ADR is a valuable quality indicator because it is easily measured and is an established surrogate for rare post-colonoscopy cancer risk. Thus, it is imperative that all endoscopists have the means to know and track their ADR, and tools to facilitate more widespread measurement of ADR have the potential to support the provision of high-value care. Here, we describe a new method, leveraging pre-existing infrastructure within a widely adopted EHR, to achieve this. In a pilot testing environment, our tool demonstrated high sensitivity and accuracy compared to a manual chart review, similar to what studies evaluating NLP methods report.8,9,10,11,12,13,14. To our knowledge, this is the first description of a method using EHR functionality to accurately capture endoscopic IQs.

There are still weaknesses in the tool we are proposing. It still takes effort from clinical staff to open a note and use the Smart list when documenting pathology results. This requires several additional clicks beyond the normal workflow, and in our pilot study, 2/78 positive adenoma results were misclassified. In addition, our tool in its current form does not take into account the indication, completeness or quality of colonoscopy preparation. However, as noted earlier, tADR is an accurate surrogate for ADR, and others have even proposed that it may be a preferred IQ for colonoscopy because it simplifies measurement and may prevent messing with it. the ADR metric by modifying the indication for colonoscopy18.21. Additionally, additional macro selections (e.g. for indication, bowel prep quality, polyp histology, such as jagged lesions) can certainly be added to future iterations of our tool. These features can be customized based on a specific practice’s priorities for quality tracking and reporting (for example, if this information is not tracked elsewhere). The adaptability and customization of our tool is a great strength, especially if professional societies add additional lesion detection rates/benchmarks (such as sawtooth lesion detection rates) to the quality parameters that need to be measured.

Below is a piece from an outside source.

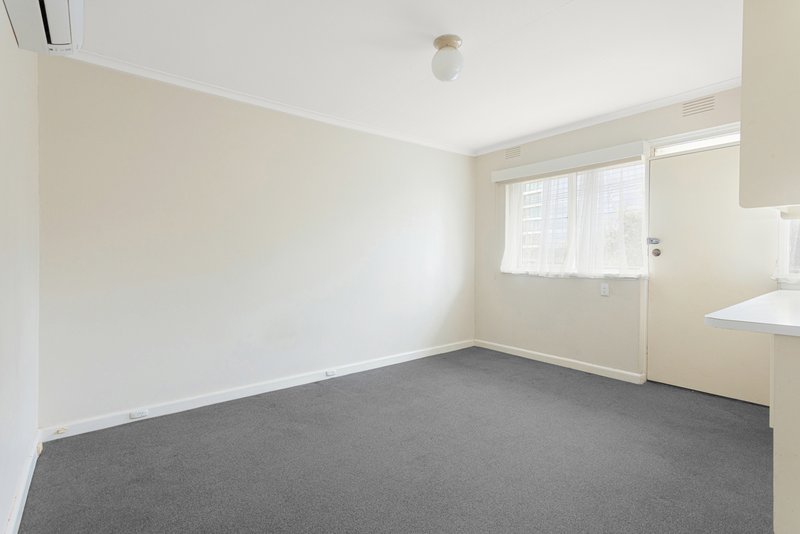 Photo - 22/2a Bates Street, Malvern East VIC 3145 - Image 4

We believe that the tool we propose has several advantages. Because our tool relies heavily on pre-existing capabilities built into an EHR, it does not require access to specialized data management systems often needed to adopt NLP-based solutions. Additionally, while NLP methods are often successful in individual settings, adapting these tools to more diverse clinical settings has proven difficult.15. Our tool can be scaled to be used by anyone using Epic EHR. Our tool provides real-time information into the EHR regarding QA performance, allowing endoscopists to benchmark their own performance in the same interface in which they routinely manage patient care. Although our tool requires minimal effort from clinical staff, it is largely part of the normal clinical workflow and still far below what is required for manual extraction. Finally, although our tool was built using Epic EHR, several EHRs have similar discrete data macro functionality that could allow a similar tool to be developed in different systems in the US and Europe. .17.22.

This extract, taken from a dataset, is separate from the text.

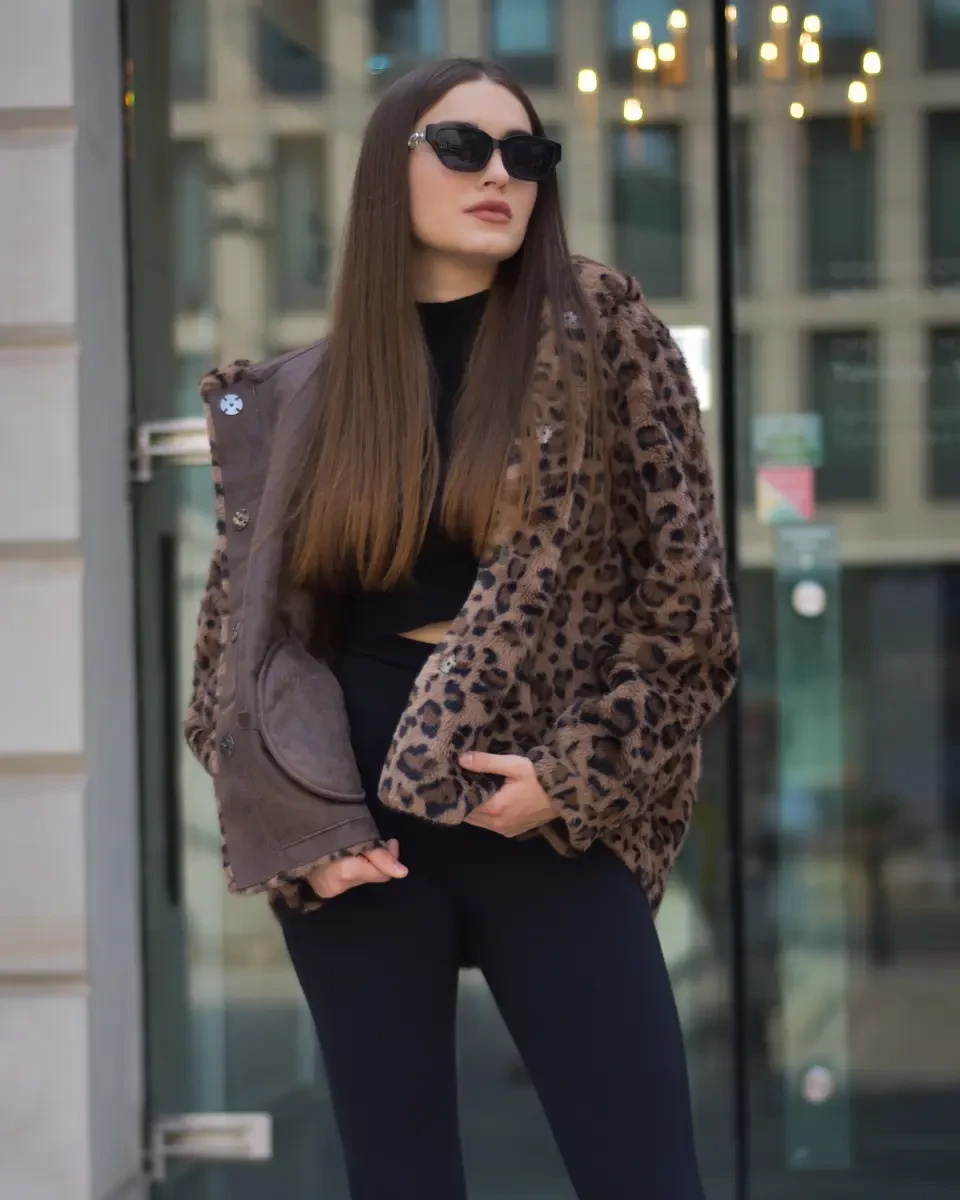 VA2047-W729 coffee_01a.webp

Further work is needed to validate this tool with a larger proportion of endoscopists and ideally across multiple centers using the Epic EHR. Reassuringly, Smart Lists are already widely used in Epic’s day-to-day documentation. Additionally, previous research has demonstrated excellent adoption of Smart Lists in post-colonoscopy EHR documentation23. Adjust the structure of the Reporting Workbench algorithm using other macro data tools such as Smart Lists or processing patterns in the EHR can also allow the capture of additional data such as colonoscopy indication, preparation quality and even allow the use of a similar tool to capture IQs in other areas endoscopic.

This pilot study demonstrates the potential of leveraging existing EHR functionality to achieve accurate measurement and feedback of tADR, a reliable substitute for ADR. This tool may present an easily adoptable alternative to complex NLP-based systems or tedious chart review to facilitate IQ measurement and ensure delivery of high-value care.